▸ The problem
In the entries below, find the line containing "1860 Washington Rd, Washington" and the line containing "طلاب المدرسة، فيتو". Copy those two lines and everything between them exactly, without the pictures.

▸ Records shown
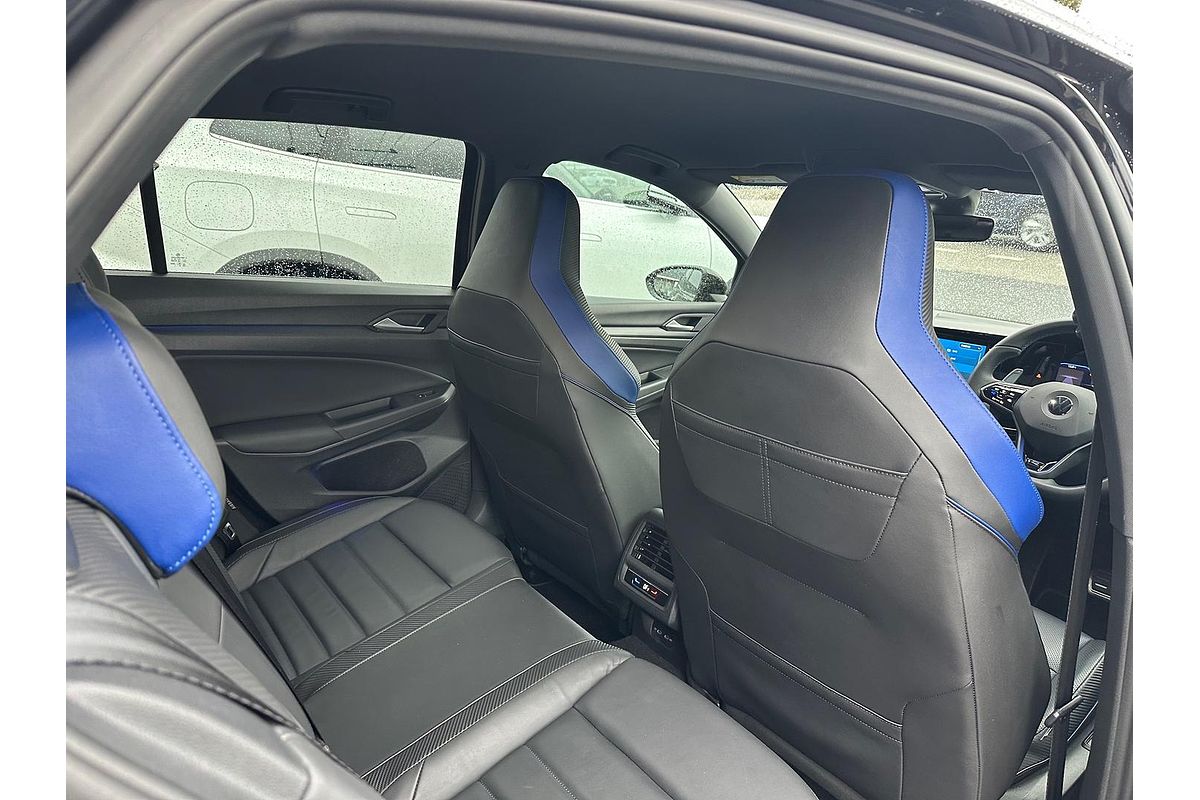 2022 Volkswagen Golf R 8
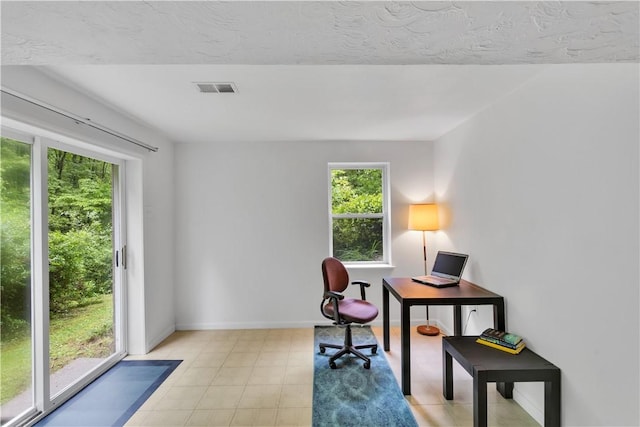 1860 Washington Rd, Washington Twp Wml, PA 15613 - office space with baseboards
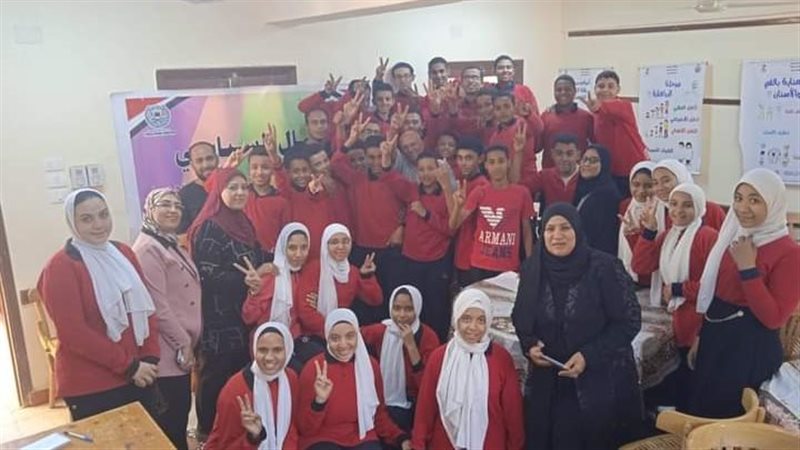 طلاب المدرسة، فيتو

...

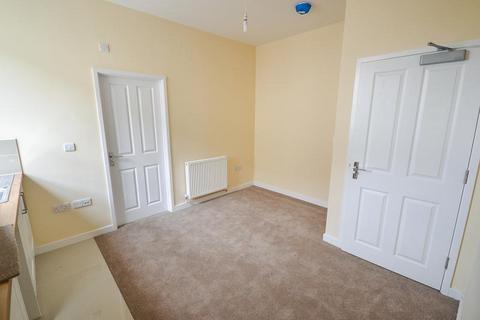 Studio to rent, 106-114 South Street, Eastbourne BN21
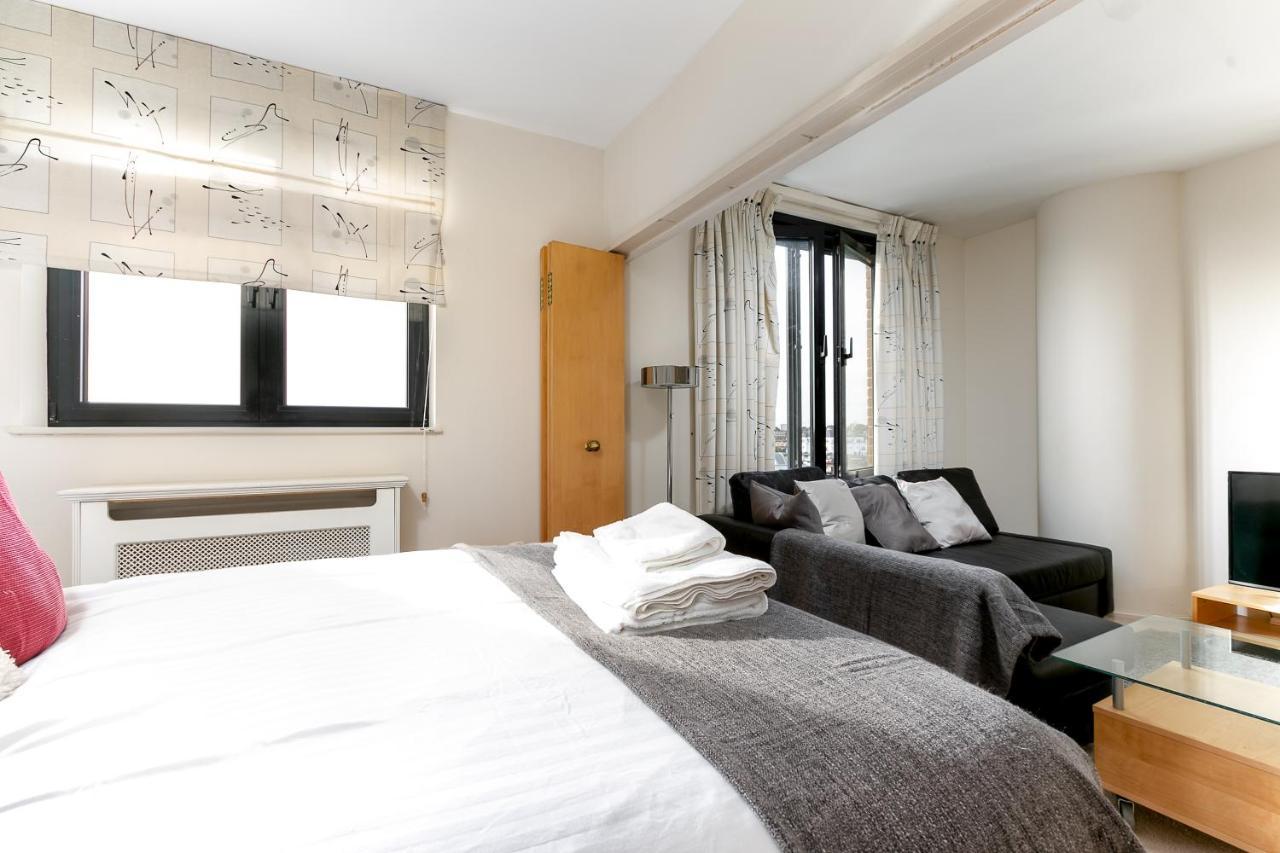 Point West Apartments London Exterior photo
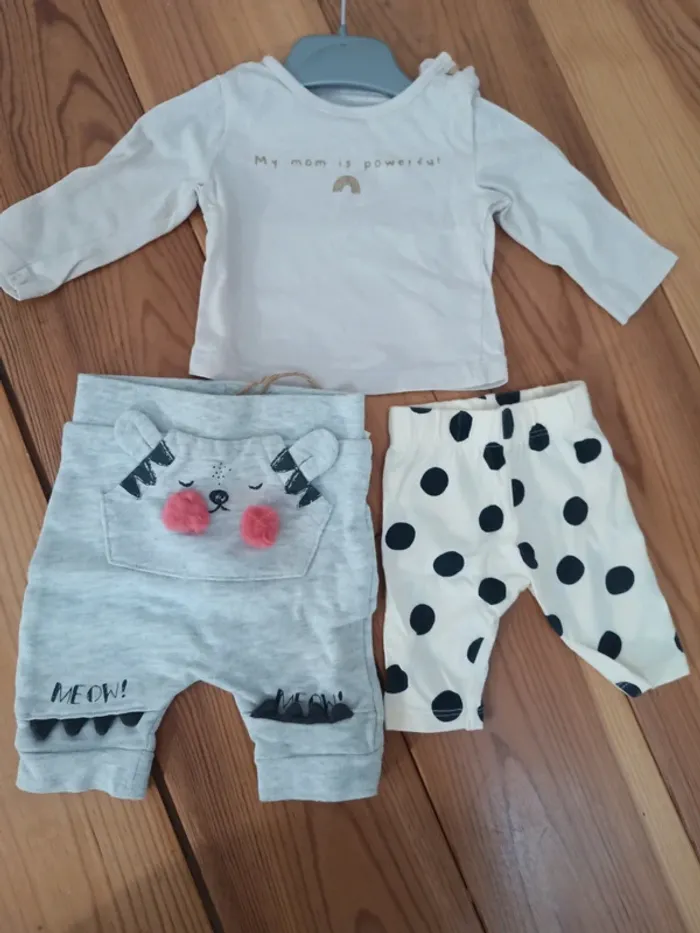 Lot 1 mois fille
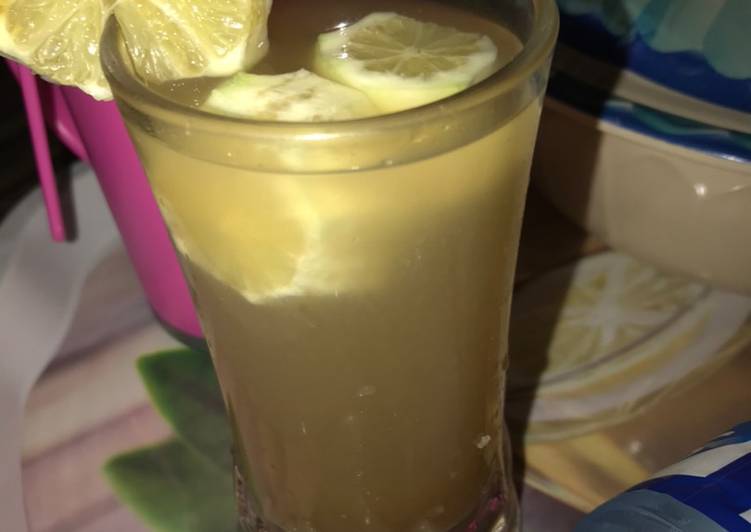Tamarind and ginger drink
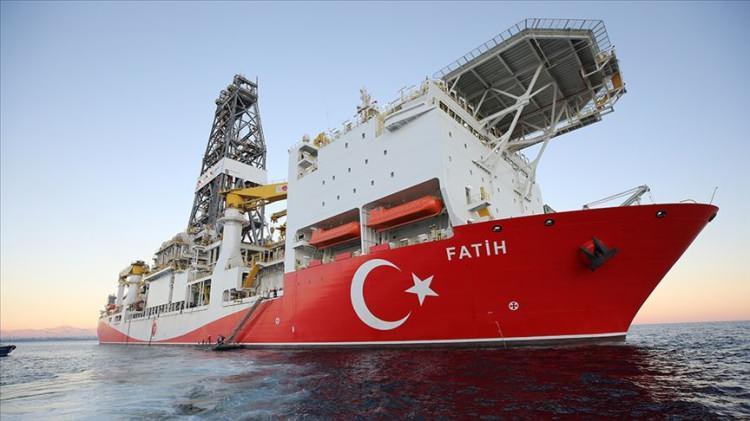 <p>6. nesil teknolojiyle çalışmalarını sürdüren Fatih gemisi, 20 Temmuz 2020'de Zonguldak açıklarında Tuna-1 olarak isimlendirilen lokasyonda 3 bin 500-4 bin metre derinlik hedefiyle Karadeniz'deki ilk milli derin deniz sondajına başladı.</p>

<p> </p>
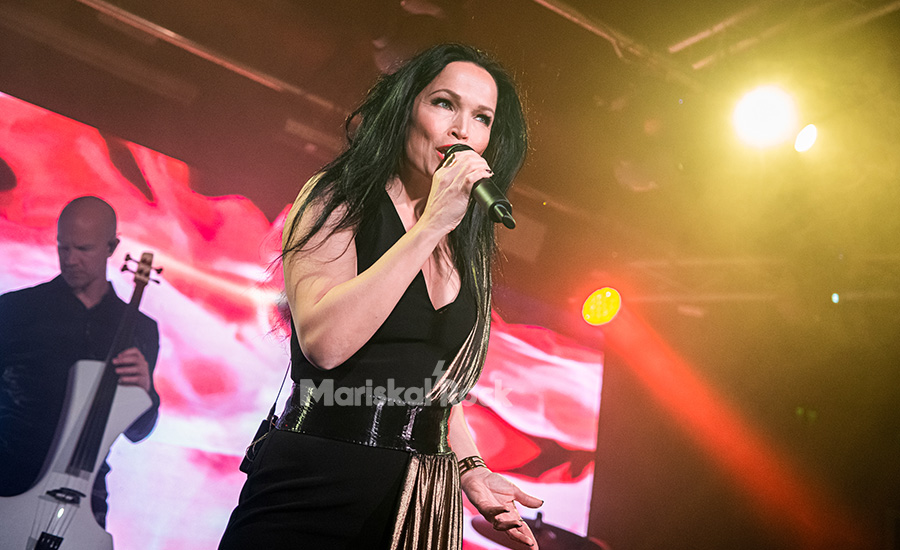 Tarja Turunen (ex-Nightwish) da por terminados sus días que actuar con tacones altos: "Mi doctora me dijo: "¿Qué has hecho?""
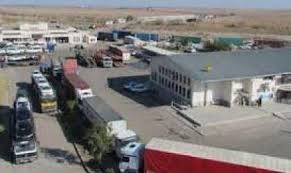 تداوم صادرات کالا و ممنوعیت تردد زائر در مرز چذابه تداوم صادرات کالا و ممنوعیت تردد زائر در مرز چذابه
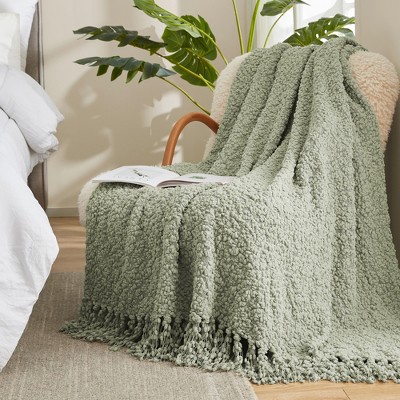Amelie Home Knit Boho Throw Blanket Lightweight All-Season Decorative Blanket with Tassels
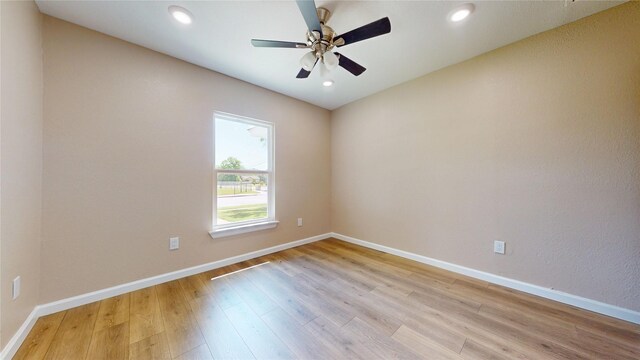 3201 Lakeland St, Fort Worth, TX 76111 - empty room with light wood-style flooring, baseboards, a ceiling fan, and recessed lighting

▸ Output of the exercise
 1860 Washington Rd, Washington Twp Wml, PA 15613 - office space with baseboards
 طلاب المدرسة، فيتو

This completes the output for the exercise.